The line-scan images collected in The EPICA-DML Deep Ice Core represent the most accurate optical record of Antarctic ice cores ever presented, providing an invaluable resource for glaciologists and climate modellers, as well as a fascinating compilation of ice core images for Antarctica enthusiasts. Global warming and the Earth's past climate are the two main reasons for extracting deep ice cores from Antarctica. Indeed, dust particles, aerosols and other climatic traces deposited on the snow surface, as well as the air trapped in bubbles by compacted snow, produce chronologically ordered strata, making the ice from Antarctica the most accurate and valuable archive of the Earth's climate over the last million years. In addition, the layered structure produced by these strata, when revealed by appropriate methods, provides indispensable information concerning the flow and mechanical stability of the Antarctic ice sheet, allowing us to assess the current and future impact of global warming on the melting of polar ice caps with much greater precision.
Sérgio Henrique Faria is Ikerbasque Research Professor at the Basque Centre for Climate Change (BC3), Spain. He is also Adjoint Presidential Professor at the Nagaoka University of Technology, Japan, and Associate Editor-in-Chief of Journal of Glaciology, as well as Editorial Board Member of several journals in the fields of physics, mathematics, Earth and planetary sciences. Physicist by training and transdisciplinary scientist by conviction, Sergio Henrique is mainly interested in the emergent multiscale phenomena that control the properties and dynamics of complex natural systems. He participated in the two last EPICA-DML deep-ice-core drilling expeditions to Antarctica (2003-04 and 2005-06).
Sepp Kipfstuhl is Senior Scientist at the Alfred Wegener Institute for Polar and Marine Research (AWI), Germany. A key personality of European glaciology for more than 30 years, Sepp has participated in countless polar expeditions, including the First West-German Antarctic Research Overwintering at Georg von Neumeyer Station (1981--83) and all European deep-ice-core drilling projects in Greenland and Antarctica since GRIP (Greenland Ice-core Project) in the early 1990s. His scientific expertise covers virtually all aspects of ice-core research, with a special interest in the physical properties of ice and firn.

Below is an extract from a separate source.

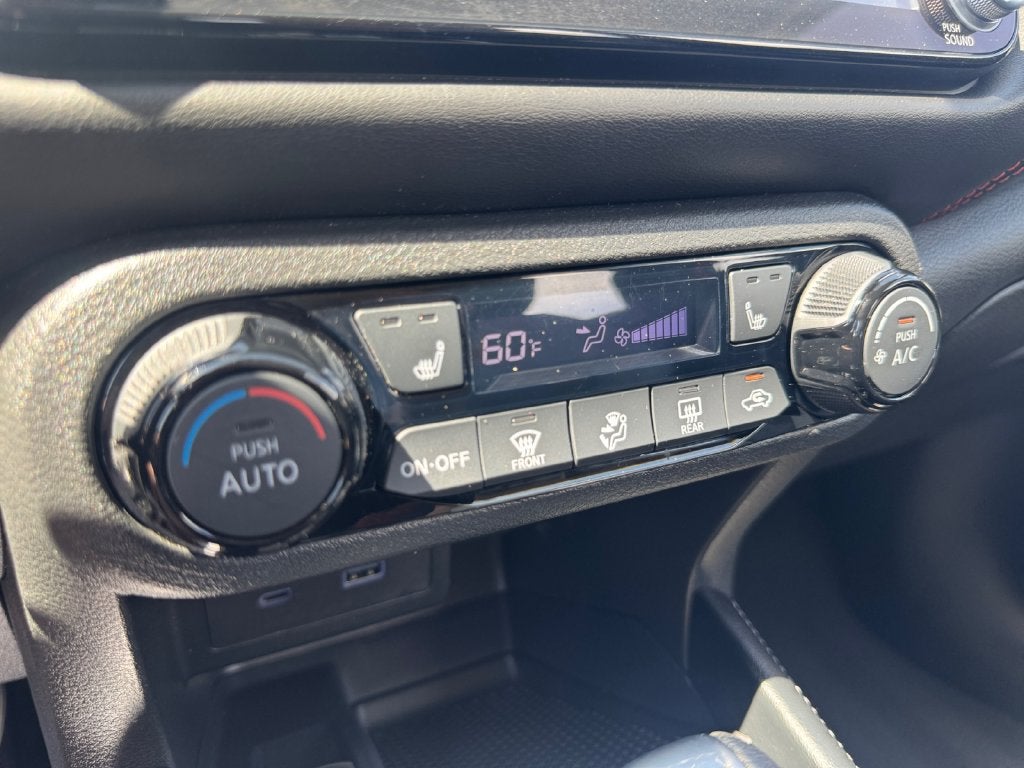 2024 Nissan Kicks SR Xtronic CVT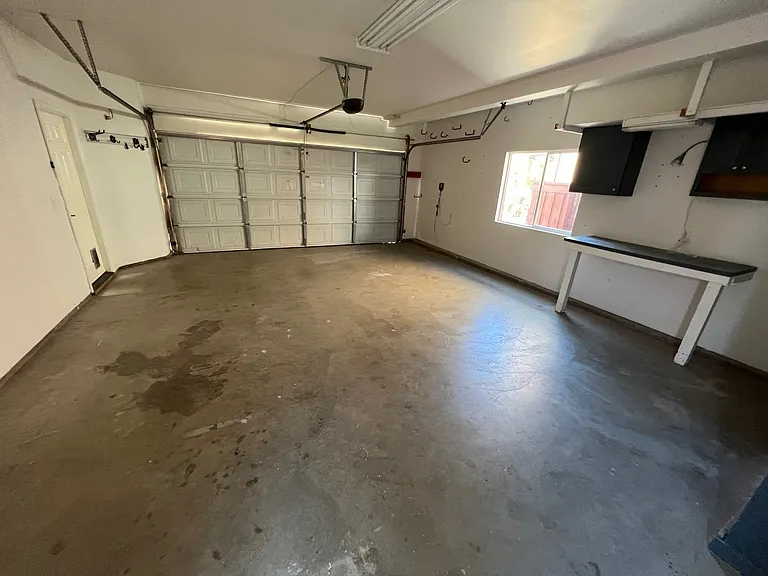 1900 Fallbrook Ln — Photo 11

Anja Lambrecht was Scientist at the Alfred Wegener Institute for Polar and Marine Research (AWI) between 2000 and 2005. She has participated in several polar expeditions to Antarctica, including the 21. German Antarctic Research Overwintering at Neumayer Station II (2000-2002). Currently she works in seismic processing and field QC for reflection seismic measurements. Anja is mainly interested in Geo-Information Systems to network data from different disciplines.